(Dataset entries)

.....

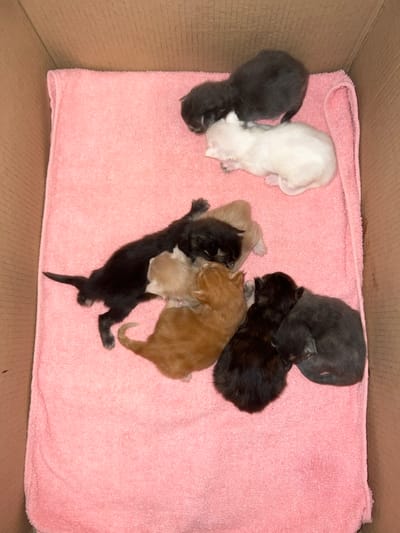 Within a brown corrugated cardboard box, located in the city of Korobovo, Russia, a pink terry cloth towel serves as bedding for seven newborn kittens. In the upper right area, one dark grey kitten is positioned next to a white kitten. Centrally to the left, a black kitten is observed stretching slightly, alongside a tan kitten and an orange kitten. In the lower right section, a dark brown kitten and a grey kitten are curled together. All kittens are lying down, indicating a state of rest or sleep, and are clustered in small groups.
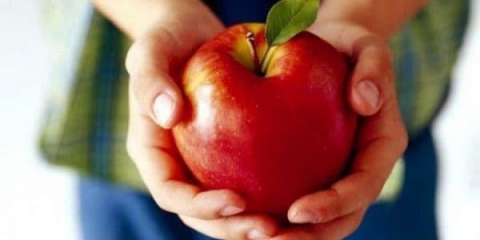 Koje su prednosti jabuka za organizam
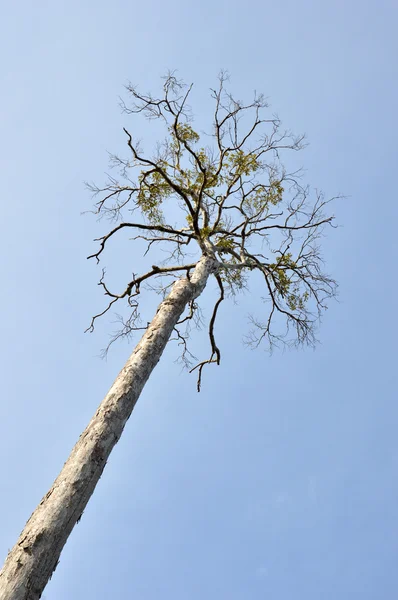 Grand arbre sèche — Photo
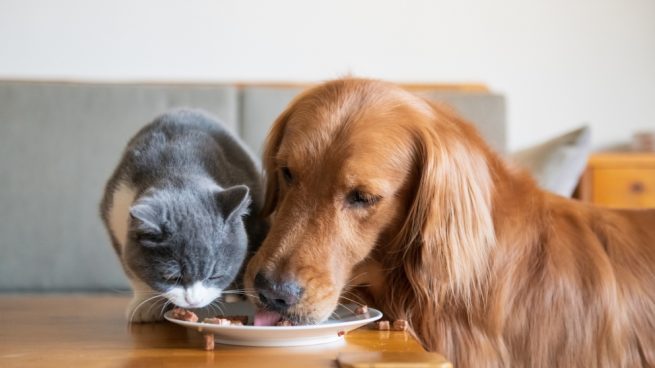 Alimentación de un perro y un gato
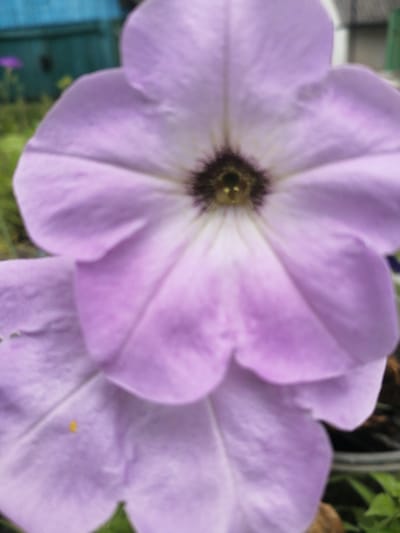 The image shows a close-up of two purple petunia flowers. The larger flower in the foreground is in focus, displaying its delicate petals and dark center. A smaller petunia is partially visible below it. The background is blurred, showing hints of greenery and a fence. There is no discernible urban environment or any specific location within Доўгаўскі сельскі Савет, Belarus. The image is solely focused on the floral subjects.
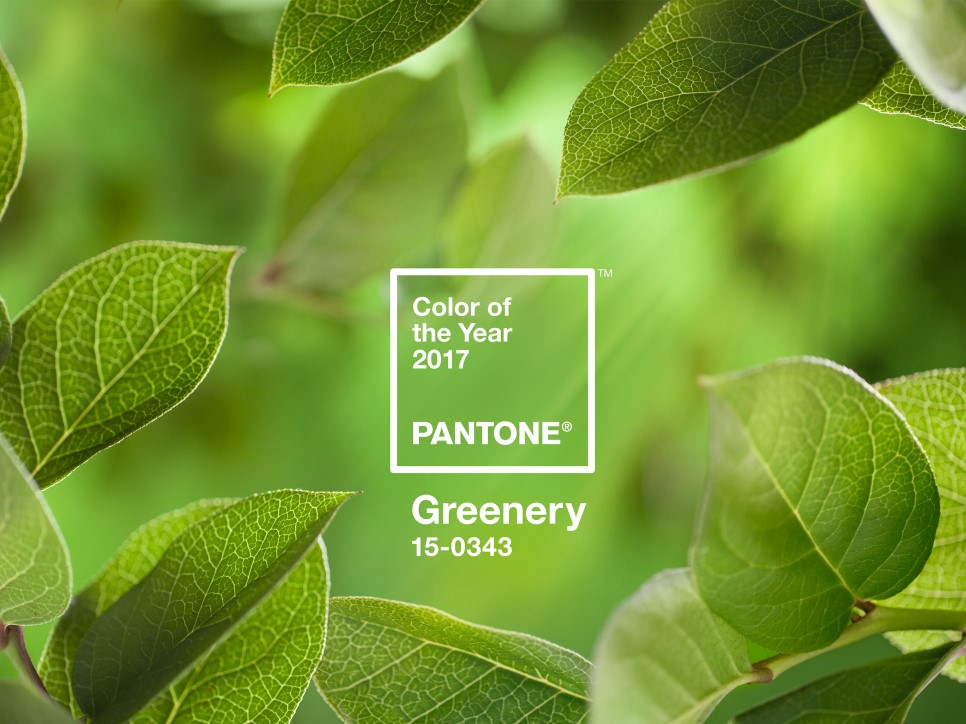 PANTONE-Color-of-the-Year-2017-Greenery-15-0343-leaves-2732x2048.jpg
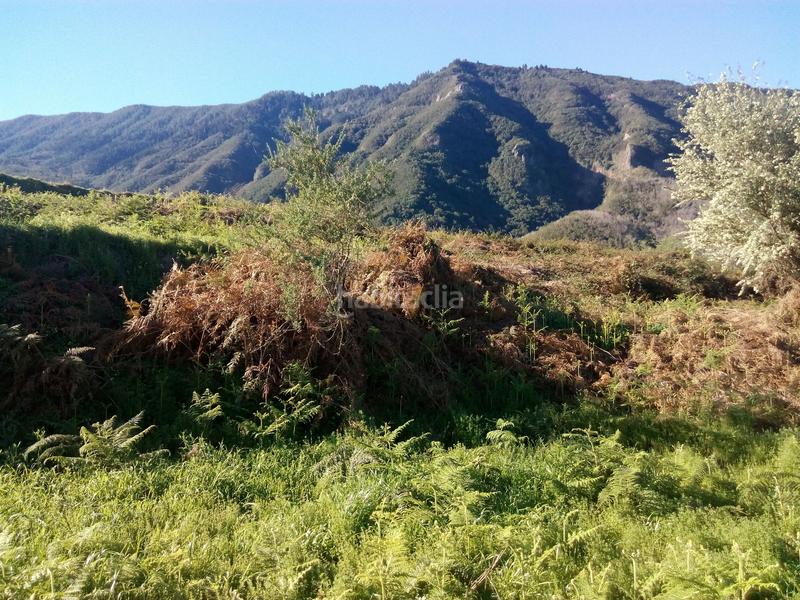 Foto e0c1ee35-a089-445f-aa52-17244ec1790a. Finca rústica a camino los angostos 57 a Palo Blanco Realejos (Los) Foto e0c1ee35-a089-445f-aa52-17244ec1790a. Finca rústica a camino los angostos 57 a Palo Blanco Realejos (Los)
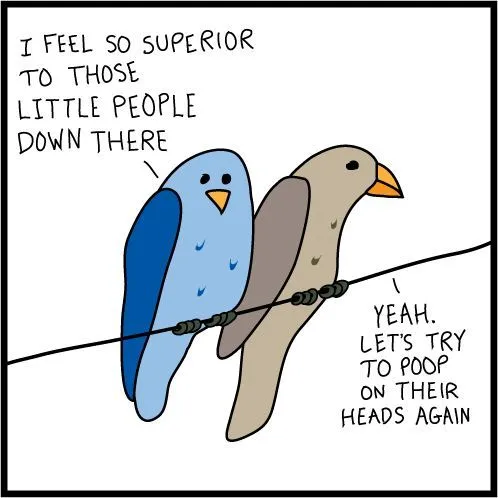 birdstuff.webp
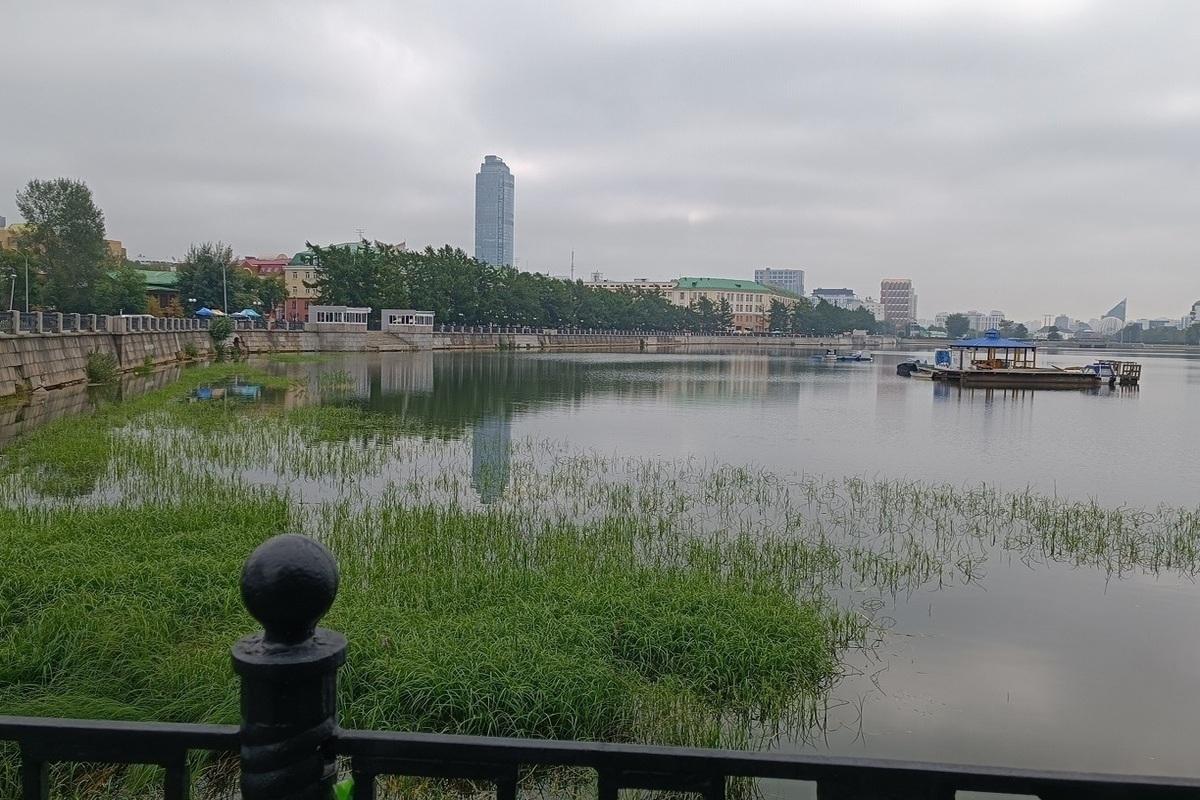 Одна из рек Екатеринбурга страдает от экстремального загрязнения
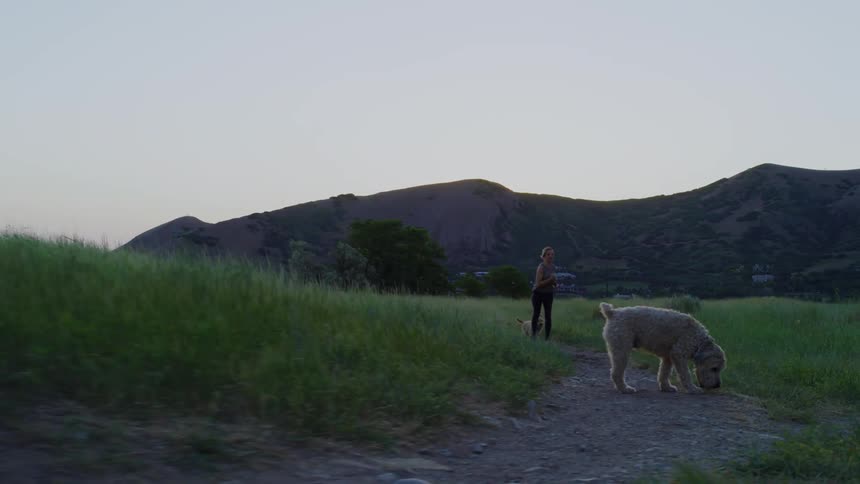 A woman and her dogs run through a field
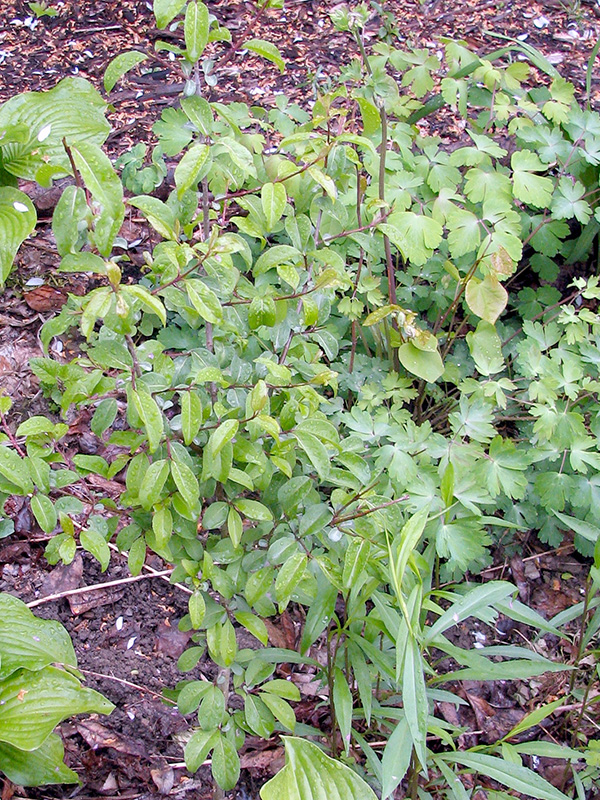 Blackhaw viburnum shrub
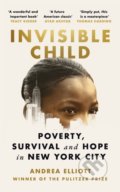Invisible Child - Andrea Elliott, Cornerstone, 2022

.....

[Task brief]
Please return, without any change, the lines from the line containing "Одна из рек" through the last line of the entries, dropping the pictures.

[Answer section]
 Одна из рек Екатеринбурга страдает от экстремального загрязнения
 A woman and her dogs run through a field
 Blackhaw viburnum shrub
Invisible Child - Andrea Elliott, Cornerstone, 2022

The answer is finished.